£60m fund to make more British kids’ TV


Thunderbirds Are Go.


ITV has made a new version of Thunderbirds titled Thunderbirds Are Go

The government is giving broadcasters including Channel 4 and ITV an extra £60m to help them make more home-grown children’s programmes.

The money will be targeted at commercial channels to help them compete with BBC children’s shows.

Teletubbies creator Anne Wood welcomed the funding, saying programme-makers “desperately need more support”.

The £60m pot will be spent over three years and will come from the 2010 licence fee settlement.

Culture Secretary Karen Bradley said it would give the children’s TV sector “the boost it needs to create innovative content for a wider audience that would otherwise not be made”.

The money will be available for programmes shown by commercial public service broadcasters – including ITV, Channel 4 and Channel 5 – as well as other “free and widely available” channels and streaming services, and potentially other online platforms.

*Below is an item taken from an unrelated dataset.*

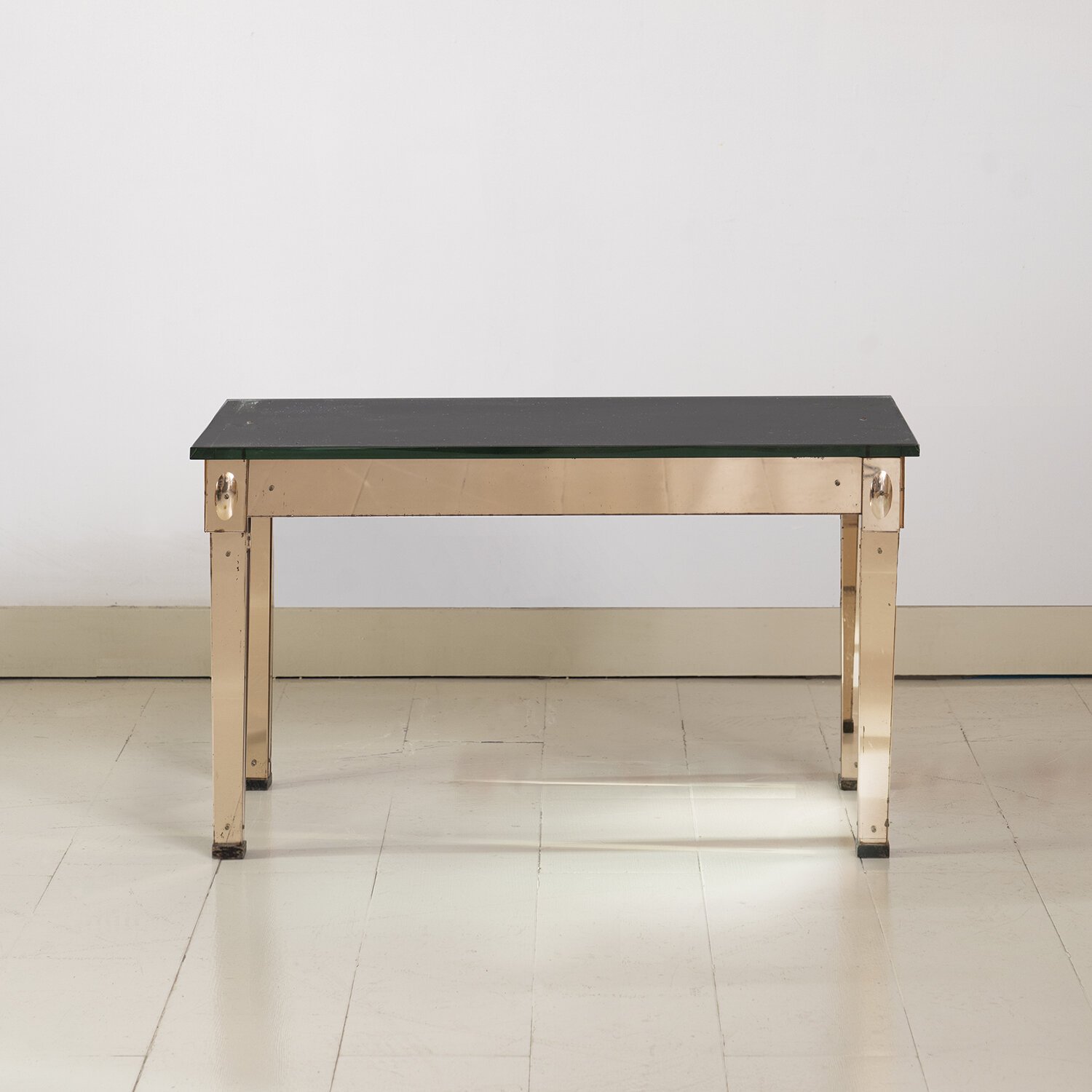 Art_Deco_Mirrored_Coffee_Table_000.jpg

Anne Wood, who leads the Save Kids’ Content UK campaign, said she was “deeply grateful” for the move.

‘Never had such difficult times’

“It shows the government’s awareness of the issue and the importance of children’s television culture to children in this country,” she told BBC News.

“We in the children’s production sector have never had such difficult times raising finance. We desperately need more support.”

The Department for Digital, Culture, Media and Sport said the fund could be used to pay for up to 50% of the production and distribution costs of original TV shows.

Programmes from new and diverse backgrounds, and those made in the nations and regions, will be “a particular focus”, it said.

The government said the fund would “stimulate greater variety in a market where the BBC is often the dominant buyer and broadcaster” of children’s shows.



The Teletubbies are among Britain’s most successful children’s TV exports, underlining the BBC’s dominance in the sector

Spending on first-run home-grown children’s programming by public service broadcasters fell by 26% to £84m between 2006-16.

In 2016, CBBC and CBeebies accounted for 87% of all such children’s programming.

Although ITV no longer has the daily offering of children’s TV shows that many children of the 1970s and 1980s will remember, it does screen a range of children’s programmes on its channels, often to be seen on ITV early on weekend mornings.

It recently announced a new show, Spy School – described as an entertainment game show challenging child contestants to solve puzzles and crack codes – that will be on air from 7 January.

Its other popular shows include the animated adventures of Mr Bean, a new version of Thunderbirds titled Thunderbirds Are Go, the Saturday morning show Scrambled! and the comedy Bottom Knocker Street.

The announcement of the extra funding comes after media watchdog Ofcom was given new powers to set quotas for children’s shows on public service broadcasters.